MBFW is over the top, crass, egocentric and some would consider it a massive waste of time, money and media coverage. It is also a necessary extravagance. Far removed from what is happening to others who spend their lives struggling to live from one day to the next. The lost and invisible are left behind while the lucky and gifted will soar into financial realms that are way beyond the average persons dreams. For ‘us’, in the middle of that swinging pendulum it helps to give some clarity our own perception of where we are in the great scheme of things as we focus on the important issues that, no matter how irrelevant to others, make our lives manageable and hopefully content. I am fortunate to play a small part in both worlds, photography is massively important to me, it drives me with a passion and the process continues to thrill me with every click of my (rather battered) Canon 5D.

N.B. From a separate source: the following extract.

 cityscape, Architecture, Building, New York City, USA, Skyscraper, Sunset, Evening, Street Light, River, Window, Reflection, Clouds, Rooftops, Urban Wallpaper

As part of the ‘Homeless in America’ series, the Al Jazeera America network has filmed a short documentary on the wide ranging contrasts of my street/homeless photography and my work in the fashion industry, due to air very soon. If anyone has an interest in why, how and where I shoot the images I capture I would be happy to let you know when the broadcast dates are confirmed.
In keeping with the ‘Lust and Rum’ theme, here are some of my most recent images from ‘another world’. Planet fashion!
Vulgar of manner, overfed, Overdressed and underbred, Heartless, Godless, hell's delight, Rude by day and lewd by night; Bedwarfed the man, o'ergrown the brute, Ruled by boss and prostitute: Purple-robed and pauper-clad, Raving, rotting, money-mad; A squirming herd in Mammon's mesh, A wilderness of human flesh; Crazed by avarice, lust and rum, New York, thy name's "Delirium."